Meditazione

Cos’è la meditazione?

La definizione di “meditazione” è poliedrica. E ardua.
Potremmo dire che più si pratica la meditazione e più ci si rende conto che essa sfugge alle definizioni.
Anzi, che esistono tante definizioni e modi di meditare quante sono le persone che la praticano. Del resto, siamo unici e irripetibili!
Meditare è uno stato di puro essere, di chiara consapevolezza, di attenzione osservante.
Quindi è lontana dal rifugiarsi in un paradiso mentale che ci estrania, bensì ci avvicina all’avere un contatto autentico, sincero, con noi stessi e con quello che ci costituisce.

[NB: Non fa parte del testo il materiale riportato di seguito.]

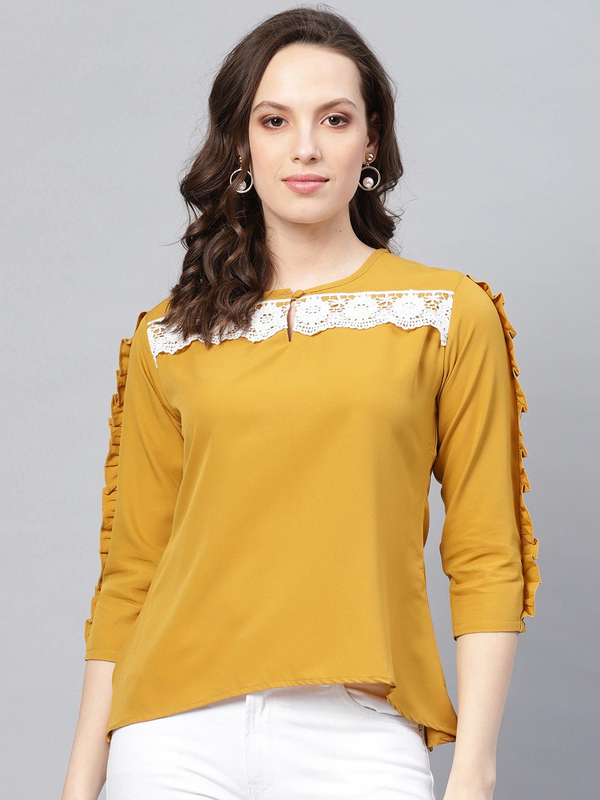 Women's  Mustard Yellow Solid High-Low Top - Wahe-NOOR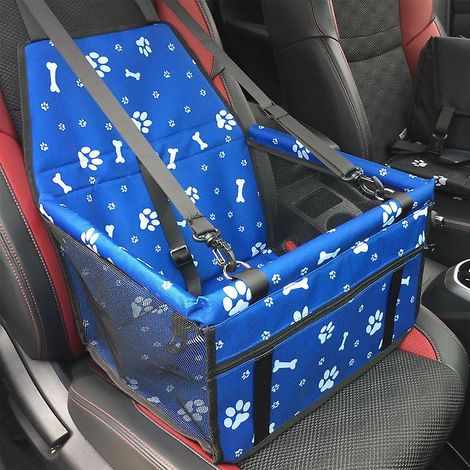 Siège rehausseur imperméable bleu pour chien avec housse de transport compatible avec la ceinture de sécurité et tapis de coussin (1/5)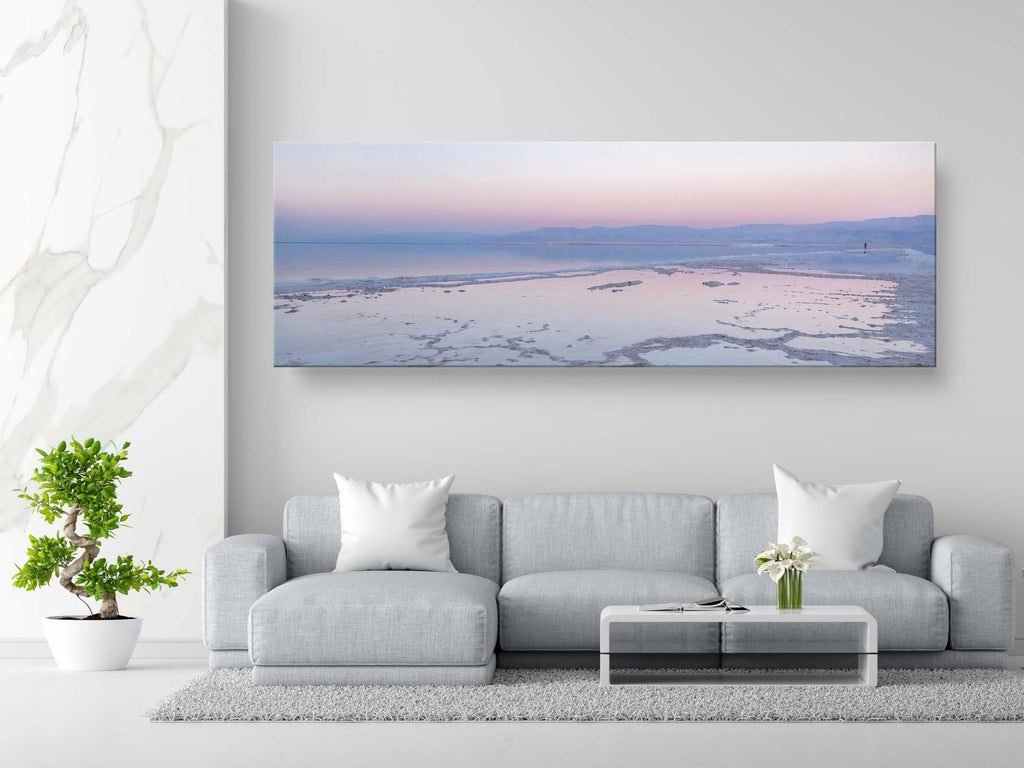 Panoramic Holy Land Israeli Sunset Seascape with White Salt Sea Minerals — Dead Sea with Salt Sea Minerals
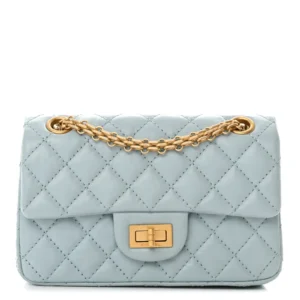 Chanel Quilted Aged Calfskin 2.55 Reissue Mini Flap Light Blue Gold Hardware Lushentic Bags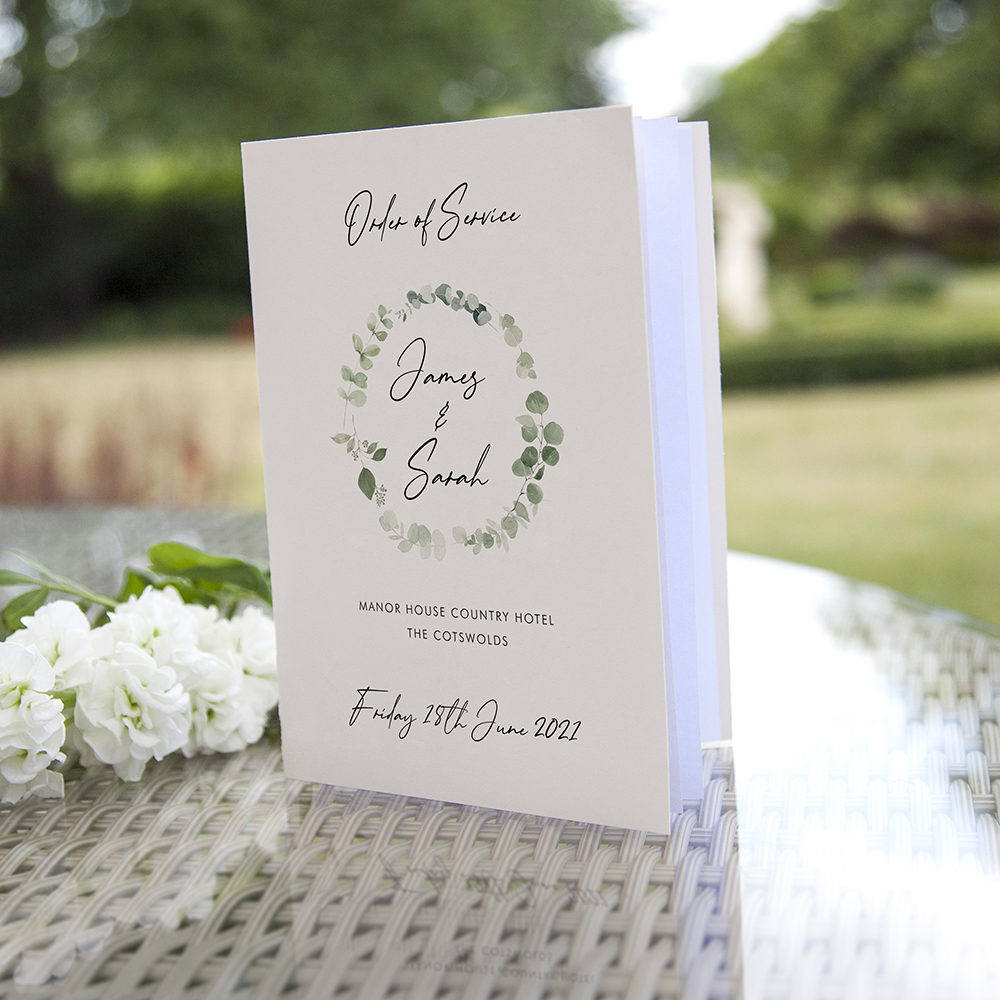 'Classic Eucalyptus CE15' Folded Order of Service Sample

Questo porta verso la reale possibilità di conoscenza di se, non puramente intellettuale, ed intraprendere un percorso di crescita interiore.
Cosa significa meditare?
La meditazione è attenzione: non si tratta di cosa stai facendo, ma di come lo fai.
La meditazione è la tua natura: non è un risultato, è una condizione reale. Non deve essere raggiunta, deve solo essere riconosciuta. È la tua essenza: non puoi averla e non puoi non averla. Non può essere posseduta, non è una cosa.
La meditazione è osservazione: non fare niente, non ripetere dei mantra, non ripetere il nome di dio, semplicemente osserva la tua mente. Non disturbarla, non ostacolarla, non reprimerla.
La meditazione non è un credo, non è un dogma, non è un culto, non è una religione, non è una morale, non è un giudizio: è un’esperienza evidente in se stessa.
La meditazione è non-fuggire: è rilassarsi ed essere nel momento, nel presente. È permanere nel qui e ora.
La meditazione è chiarezza di visione. È uno stato di pienezza, di vuoto e di unità.
La meditazione è l’arte della consapevolezza: è essere presenti.
La meditazione non è una tecnica, non è un pensiero particolare, non è uno sforzo, non è concentrazione: è comprensione ed equilibrio, è equanimità e silenzio, è ascolto e stabilità.
La meditazione non è staccare la spina: è lo stato naturale della mente, la sua semplicità, è il lasciare andare la presa, la quiete originaria.
È la via opposta al resistere, al chiudersi, alla guardia alzata, alla difesa: è invece il varco per l’apertura, per il disarmo, la docilità, l’arrendevolezza, il vuoto.
Da questa porta c’è la grande possibilità.